The cider should then be degassed (stirred vigorously to remove the carbon dioxide given off during fermentation). Adding Kwik Clear (two part wine finings)will help to clear the cider. Once clear, siphon off the sediment, and leave in glass containers. Make sure the containers are full and have no air space at the top which can cause infection. Taste it and if it’s young and a bit sharp then leave it to mature. Ideally you should fit an airlock to the container to allow for any breathing. After one month we suggest you have a taste. If the cider is maturing well then leave (if it’s thrown sediment, which is likely you might want to rack the sediment into a clean sterilized container and top up with cold water). At this stage it might be a good idea to sweeten the cider with a non-fermentable sweetener, such as Sucralose.

Some people like to keep the cider as natural as possible so don’t like to add stabilizer, camp dens and finings but from our experiences this will help protect the cider from oxidizing and prevent any refermenting. It will also allow you to add sugar to

For Sparkling Cider: After Fermentation

We would recommend that you siphon the cider into a clean, sterilized container. You can now add any necessary adjustments like extra acid or sweetener. Use malic acid to increase the acidity (will give the cider a sharper taste), and use a sweetener, that is non fermentable. Alternatively you can purchase sucralose from supermarkets. Don’t add more sugar as this will ferment.

Once you are happy with the taste you can bottle your cider. If this is a short term (say you are keeping these 4-6 weeks) then clear PET plastic bottles (the type lemonade, coke etc. comes in) are fine. If it’s more than this then use green or brown PET bottles, beer bottles or Groesch style bottles. This is essential as the green/brown lining prevents the transmission of UV light which will ruin your cider over time.

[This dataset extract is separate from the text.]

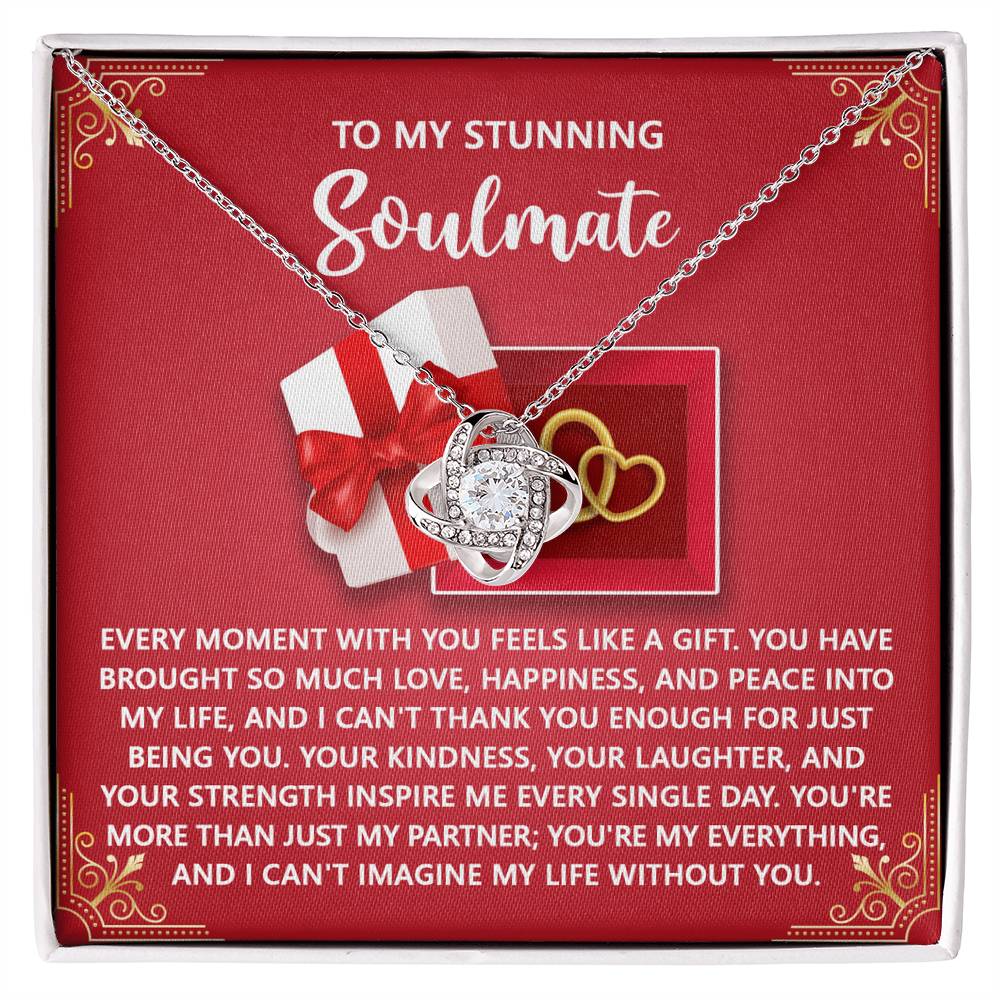 Romantic Anniversary, Valentine's Day Gift for Soulmate, Wife, Girlfriend - Feels Like A Gift - Love Knot Pendant Necklace - Mallard Moon Gift Shop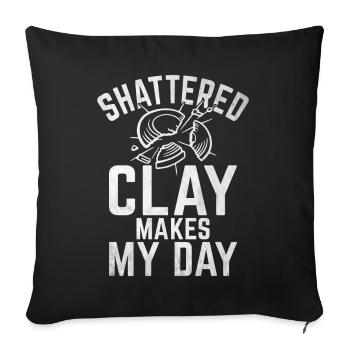 Clay Pigeon Shooting & Funny Sport Shooter Clay Pigeons - Housse de coussin décorative 45 x 45 cm - noir - Devant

Transfer the cider into the bottle and add one rounded teaspoon of sugar per litre for a slight sparkle and two rounded teaspoons per litre for a more heavily carbonated drink. Seal the bottles and transfer to a warm place for 3 to 4 days (this will give you a secondary fermentation) and then move to a cool place for storage. Enjoy your cider!

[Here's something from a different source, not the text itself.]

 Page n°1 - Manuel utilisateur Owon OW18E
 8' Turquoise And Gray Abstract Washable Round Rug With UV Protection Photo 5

The Pears should be dealt with in very much the same way as the apples. They do ripen earlier and once they have they have no keeping qualities.

Apple Juice for Drinking

For a good balance a 70% sweet apple and 30% cooking apple works well. Once you have pressed the juice this will keep for 4-5 days in a fridge. For longer keeping then either add preservative, Vitamin C (Ascorbic Acid) which will allow keeping times of up to 3 weeks (this is such a shame), or better still store in plastic cartons  and freeze immediately after pressing. This juice just tastes so good.